By Adam Sheldon, National Account Manager at Kensington Mortgages

With more people staying single for longer, and UK divorce rates rising, the need for services to solo buyers has increased significantly over the past five years. In the travel industry, ‘solo travellers’ represent 11% of the market, with Google showing a 771% increase since 2016 in search terms for solo holidays*.

With this demographic on a steady rise, it will come as no surprise that more people are attempting to purchase a property as a solo applicant, begging the question, is this feasible?

The landscape is changing for solo applicants

Schroders research shows housing affordability has worsened in every local region over the last 25 years, and that home ownership has fallen by 63-65% in the last five years**.

House prices have increased from four to eight times average income since the mid-1990s*** which, when put into context, hasn’t been this expensive relative to earnings since 1876 – the year Alexander Graham Bell patented the telephone.

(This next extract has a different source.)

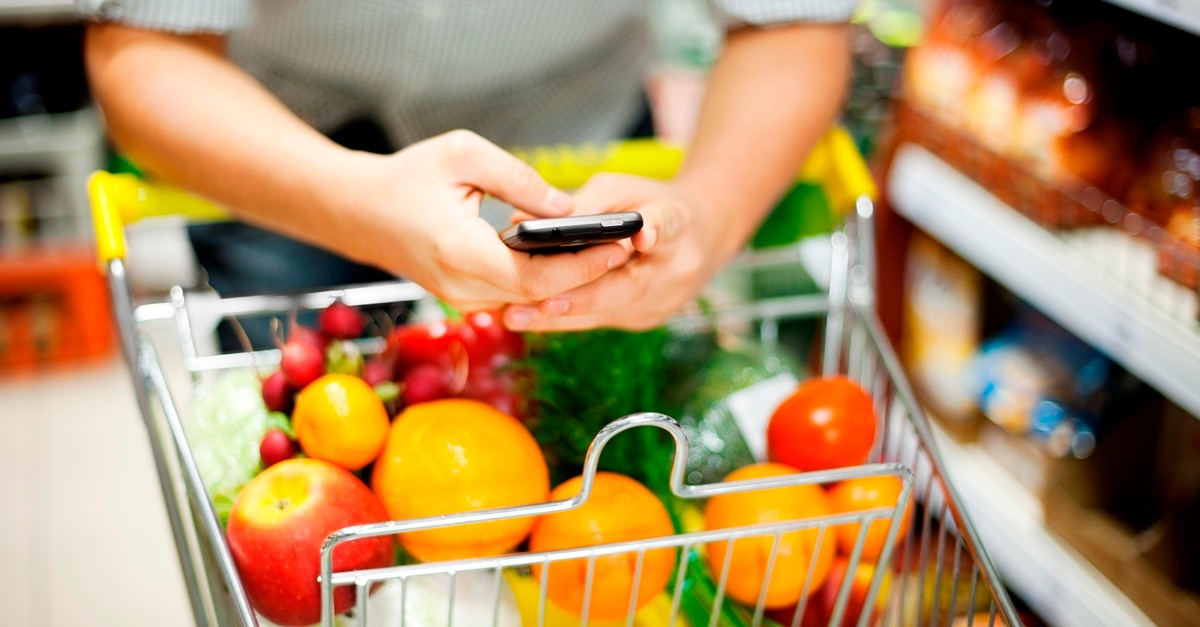Texting while pushing shopping cart full of fruits and vegetables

Meanwhile, the number of people living alone in the UK has increased by 8.3% over the last 10 years**** with 28% of 20-34-year-olds living with parents*****.

However, despite 41% of 18 to 24-year-old hopeful homeowners experiencing mortgage rejection before buying their first home******, the percentage of first time buyers rose from 37% in 2010 to a record 52% in 2022*******.

In 2022, 29% of all properties sold were to solo applicants********, who were benefiting from low interest rates, which supported affordability and helped offset house price inflation.

Today, buyers face a more acute affordability challenge. Interest rates are 3-4 times what they were in the first half of 2022. Inflation is high, and markets are sensitive to economic news, creating shocking headlines and causing uncertainty.

Solutions for solo applicants

Shared Ownership applications have been increasing, with 56% of all Shared Ownership purchases in 2021 and 2022 being made by solo applicants********* and a recent survey by sharetobuy.com showing that 57% of their respondents were looking to purchase as a solo applicant**********.

Lenders can also help with solutions to enhance affordability. At Kensington, we have a range of products designed to consider the earning potential of applicants, in some cases allowing us to lend a higher income multiple, subject to client affordability. With our Hero range for employed keyworkers, as well as our Young Professionals range created for clients under 40 in certain professions, this affordability stretch could make a massive difference to the borrowing possibilities for your solo applicant clients.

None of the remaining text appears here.